ARDEN, Del. — About midway between Wilmington and Philadelphia, scarcely a minute's drive from the interstate highway that is Main Street for the megalopolis, lies a woodsy world built on utopian dreams.
Here, in the hamlet of Arden, artisans forge their livings from slabs of Pennsylvania basalt and spindles of Honduran mahogany. Children frolic in a greenbelt dubbed Sherwood Forest, while their parents march across village greens to stage sold-out performances of Shakespearean classics in the community's amphitheater.
Residents govern themselves in New England-style town meetings, enforcing a unique charter that is the legacy of a largely forgotten economist. In Arden, no resident owns the land surrounding his bungalow or cottage, but everyone pools money to pay the county real estate taxes.

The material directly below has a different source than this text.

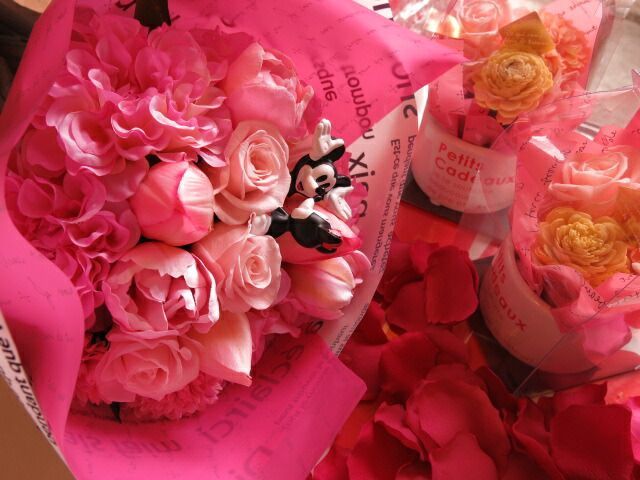 チューリップ 花束 いつでもチューリップ花束 ミッキー-ミニー入り バラプリザーブドフラワー入り ずっときれいなアートフラワー系チューリップ使用◆誕生日プレゼント 記念日の贈り物におすすめのフラワーギフト YUZUMIYA_COM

This peculiar lifestyle, so counter to much of the mid-Atlantic's faceless suburban sprawl, is shaped by the curious marriage of two 19th-century philosophies: an economic theory called the "single tax" and the social doctrine known as the arts and crafts movement. Those who have embraced Arden's way of life since its founding nearly a century ago have always drawn skeptical notice from outsiders.
"We're not only Communists, we're anarchists and nudists," says Beverly Barnett, who has lived in Arden for more than two decades. "I can't think of a name that hasn't been said."

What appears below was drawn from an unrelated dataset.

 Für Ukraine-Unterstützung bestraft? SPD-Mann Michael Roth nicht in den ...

Although Arden residents say that whispered suggestions of free love and radical politics were always untrue--or at least wild exaggerations--they do see themselves as unconventional, forward thinkers whose ideas may not be so off the wall.
Consider: In several localities these days, officials are embracing versions of the single-tax theory--which favors taxing land, rather than buildings--in an effort to spur development.
And planners throughout the nation are urging a rejection of typical suburban subdivisions and a return to "neo-traditional" villages. For some, Arden is the embodiment of such a place.
"It's a revolt against the typical suburban nothingness," says Aaron Hamburger, a retired chemical engineer from DuPont's Wilmington headquarters and president of the Arden Club, the community's social hub. "Maybe we can serve as a model or laboratory for other folks."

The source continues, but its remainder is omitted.